If you've picked a strong master password, they've effectively got an encrypted blob of data which they can try brute force your password from, but may never succeed (Assuming that the password DB format is free from errors).
However, unlike with a website password or other online service (Chat/ssh/etc), there are no limits on how many times they can try different passwords, or on what speed the password comparison runs at - they can send copies of the file to thousands of machines and try to brute force starting from different places to minimise the time to find the password. With a website, the web server is the limiting factor - even with thousands of source machines, it will only do comparisons at a rate it can support, or it'll fall over.

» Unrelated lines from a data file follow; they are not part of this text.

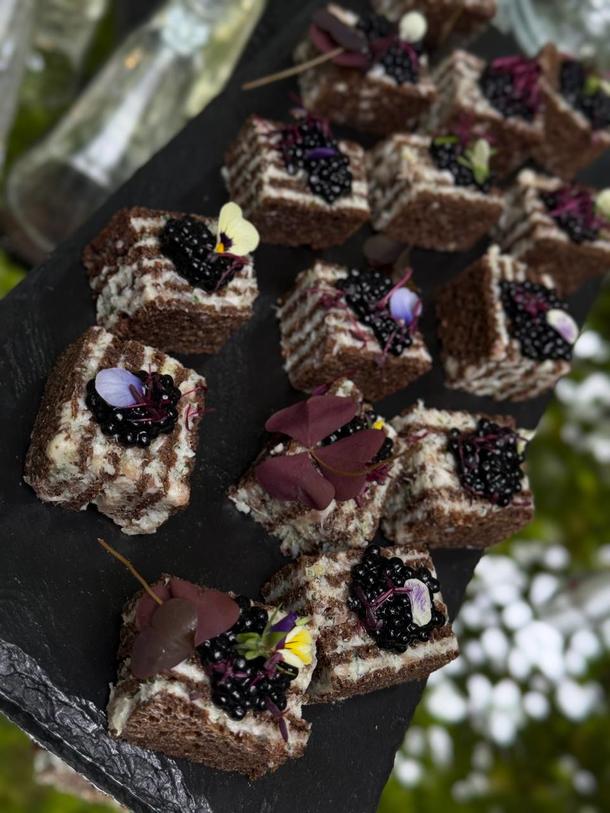 Несладкий медовик (20шт)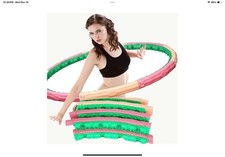 Hula Hoop Salute Ponderato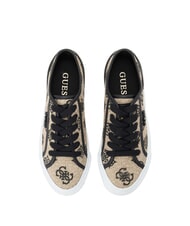 GUESS JELEXA7  Sneakers NERO - Scarpe Donna - 3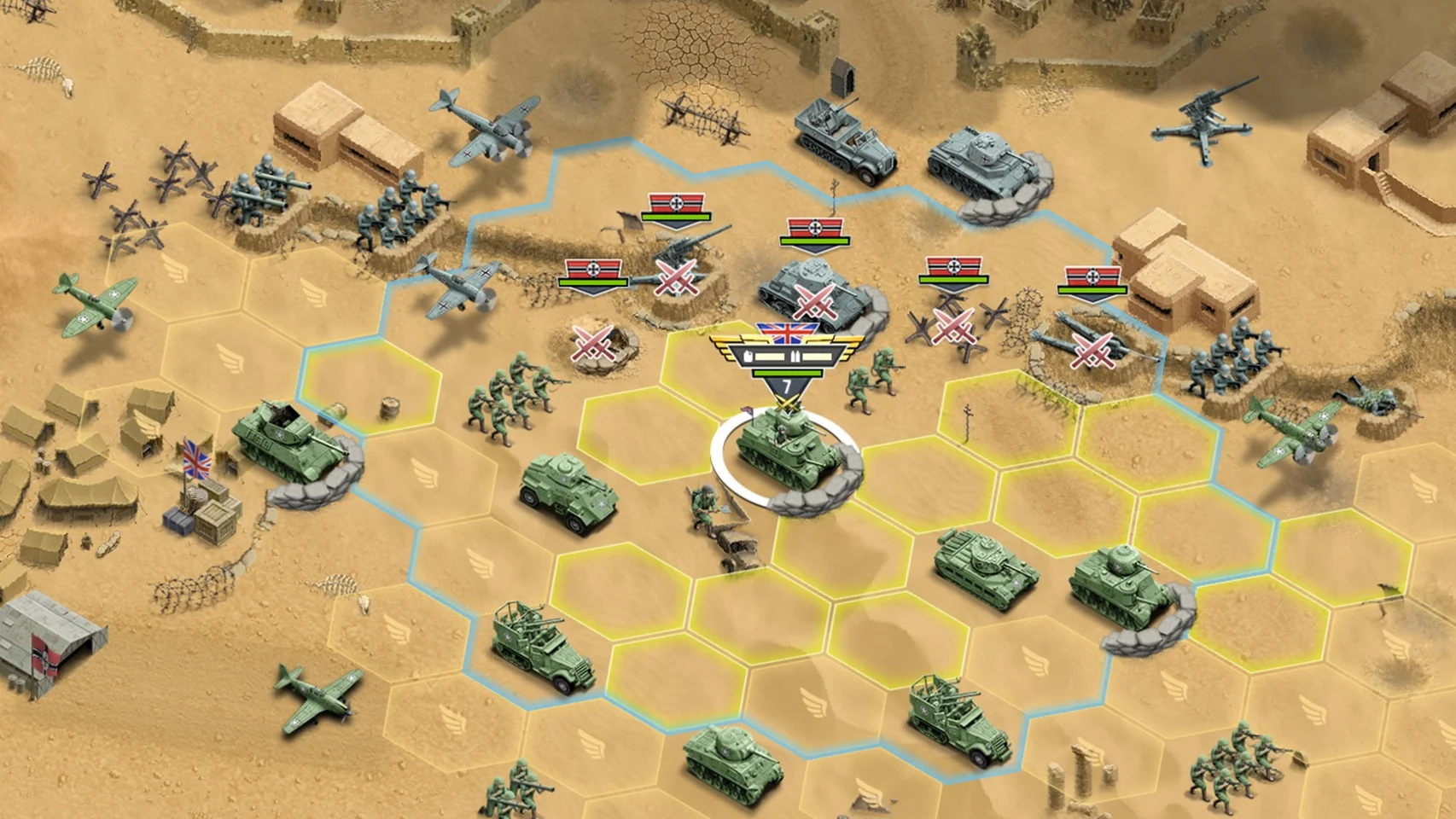 1943 Deadly Desert- PC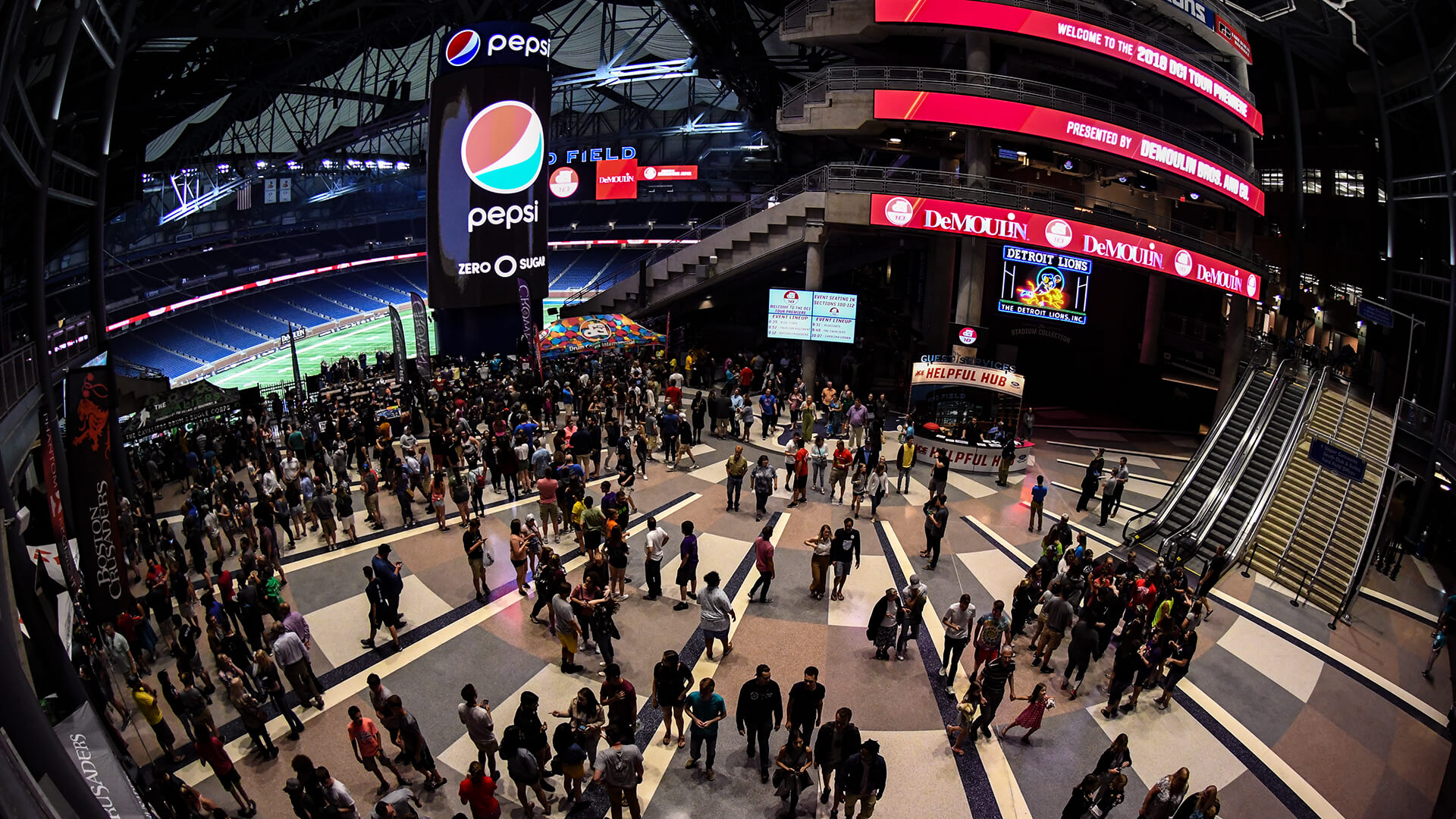 Ford Field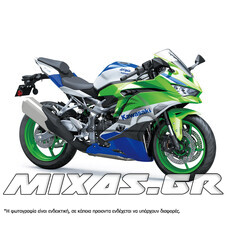 ΚΟΥΣΤΟΥΜΙ (FAIRING SET) KAWASAKI ZX-4RR (2023-2024) 19ΤΜΧ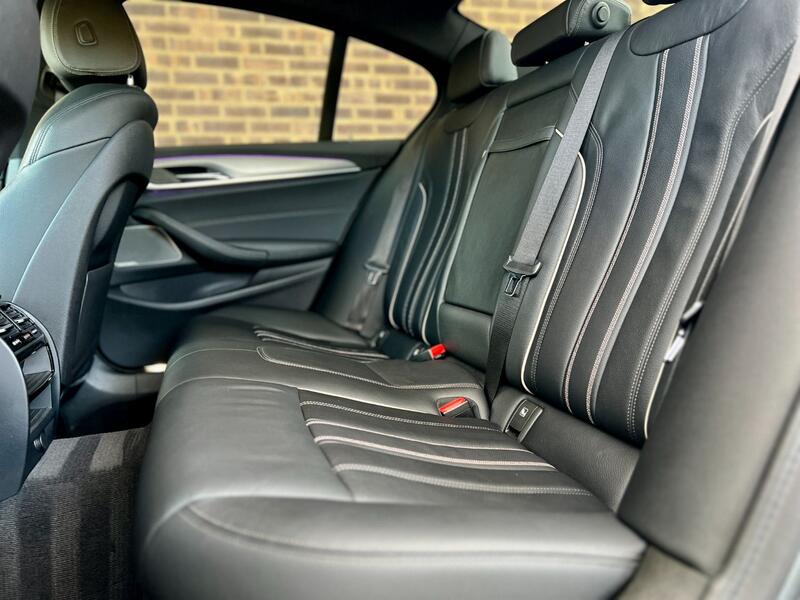 BMW 5 SERIES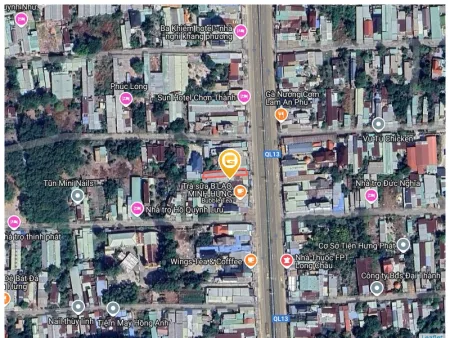 Bán lỗ 1000m2 (21x52) giá 180 triệu. LH: 0933.263.596 A.VỸ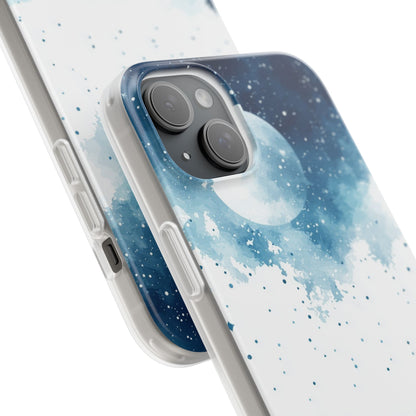 Luminous Moonlight iPhone 15 Plus Case - Soft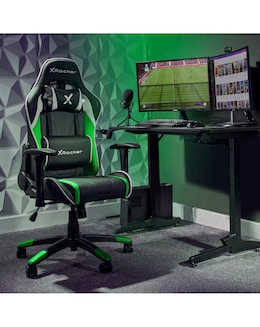 X Rocker Agility Jr Esport Gaming Chair
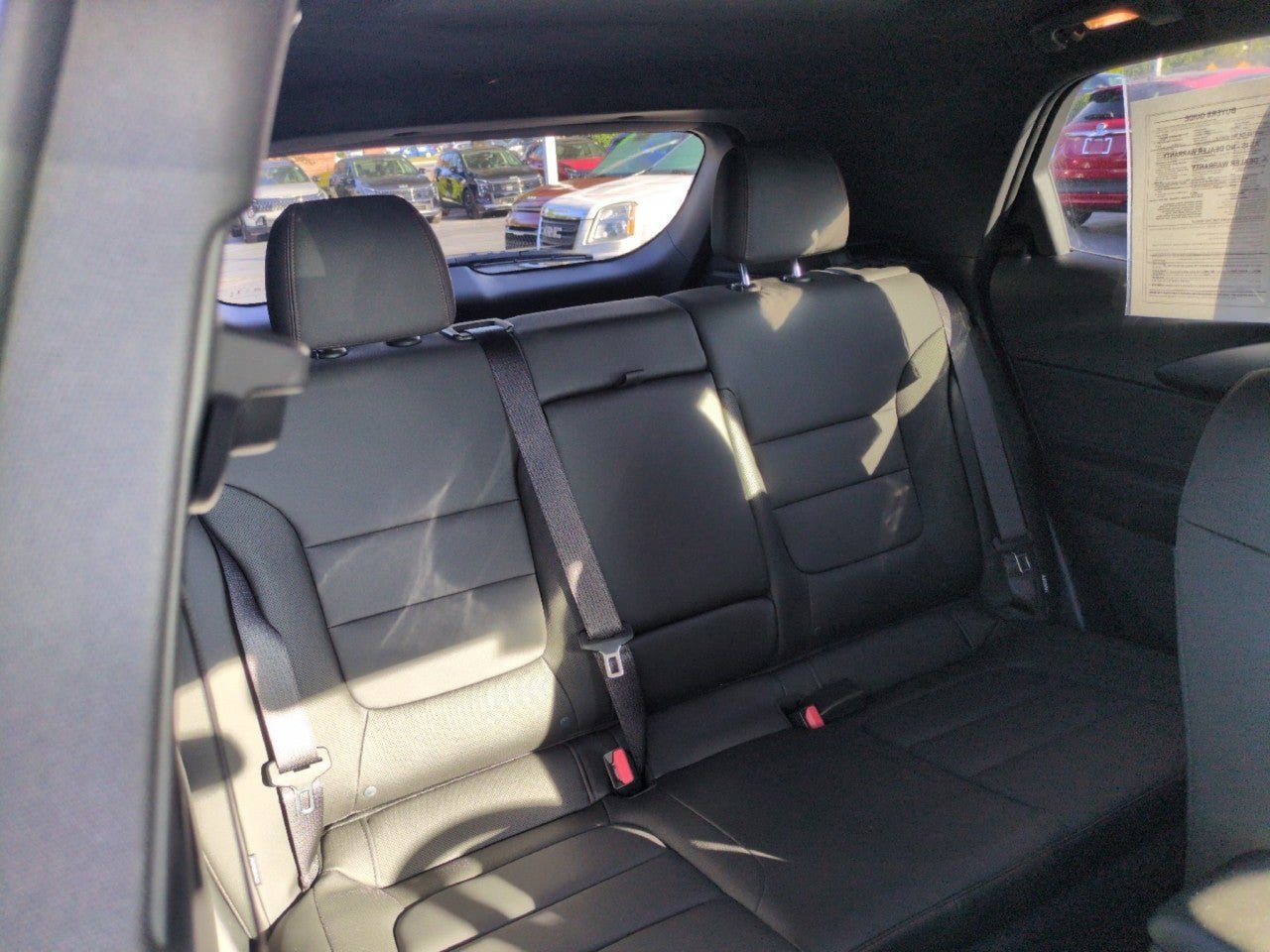 Used 2026 Chevrolet TrailBlazer RS w/ Convenience Package AWD/4WD image 20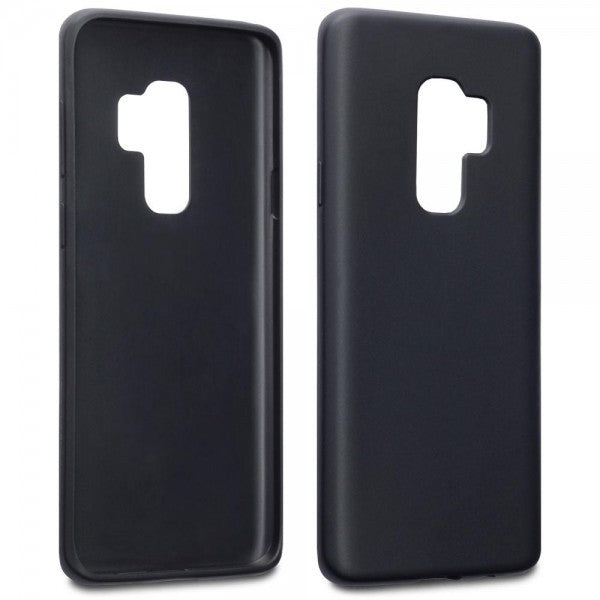 Husa Samsung S9 Plus Tpu Negru - vivimall.ro
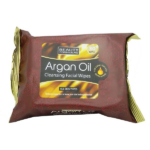 Beauty Formulas Argan Oil Cleansing Facial 30 Wipes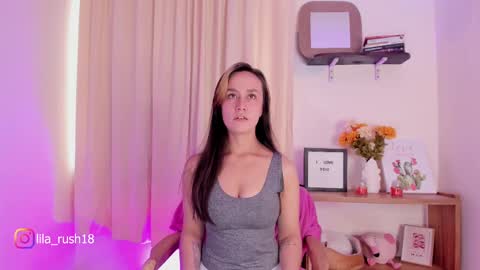 Lila  online show from 09.17.25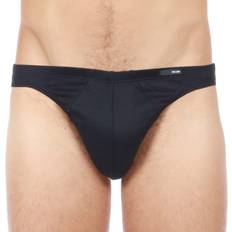 Hom Men Comfort Micro Briefs - Navy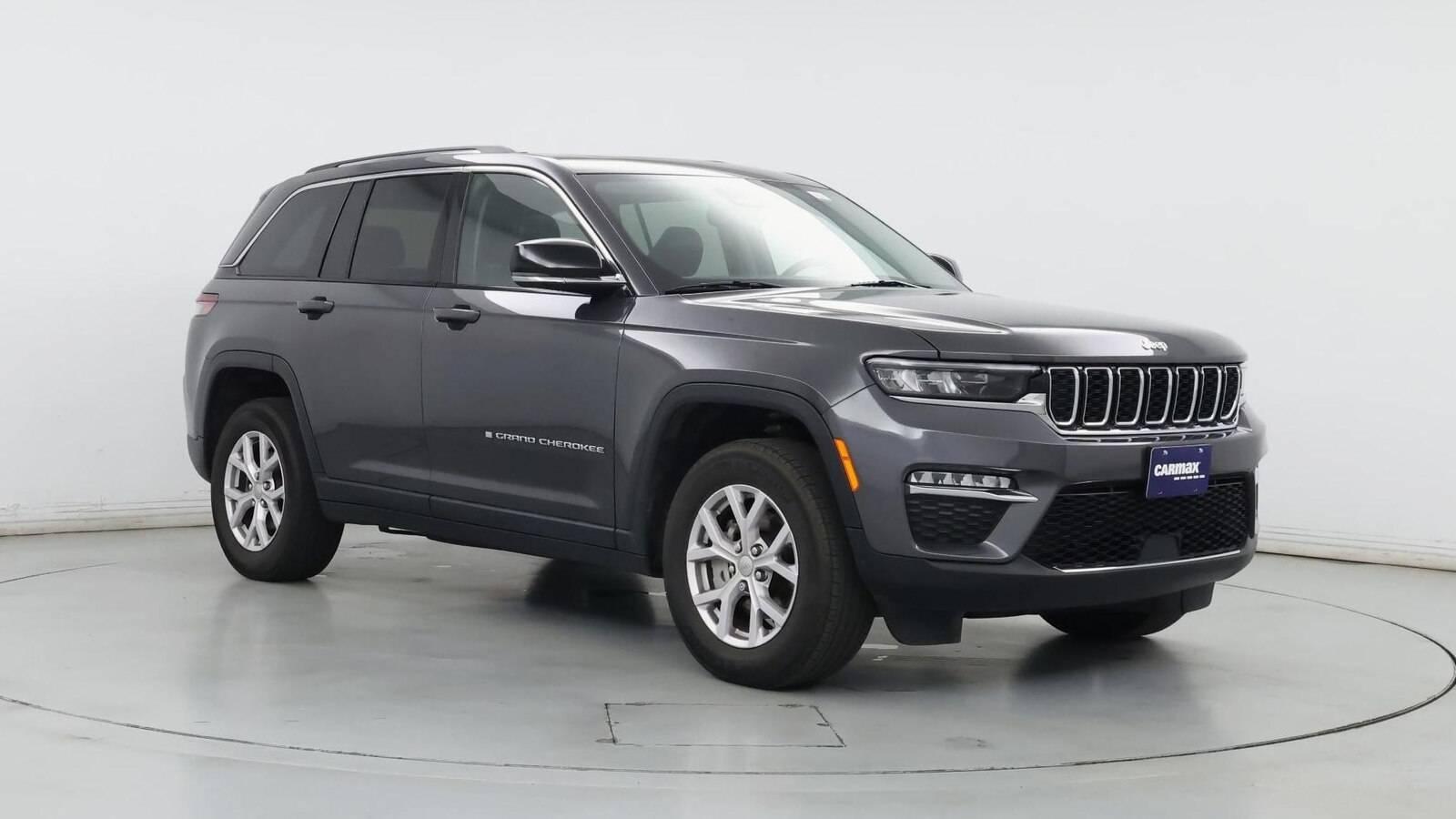 2022 Jeep Grand Cherokee Limited in Birmingham AL For Sale - Image 1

For a really good password, this doesn't matter - the number of potential passwords is far too high to try them all in a useful time (assuming for the purpose of argument that whatever data you have is probably not very useful to anyone in a few thousand/million years). Picking and remembering a really good password is harder though, so it's possible that it is actually a quote from a book or common phrase, which might be tried sooner than pure brute force would suggest.
If, on the other hand, you have a weak master password, they've got an easy to decrypt list of passwords and sites, and it probably won't take them long to get access.
Additional - based on @André's comment:
As André says, if the hack occurred on a device where the database is used, as opposed to one where it is just stored (main PC vs. backup server), there is a chance of a keylogger being used to find the master password. As a result, it would be recommended not to open any password databases on machines which are suspect until they have been completely rebuilt from a clean state. Most password managers try to prevent passwords being read from memory, although this is not 100% perfect, but again, this can be avoided by not opening the database on suspect devices (or ones which you don't have control over).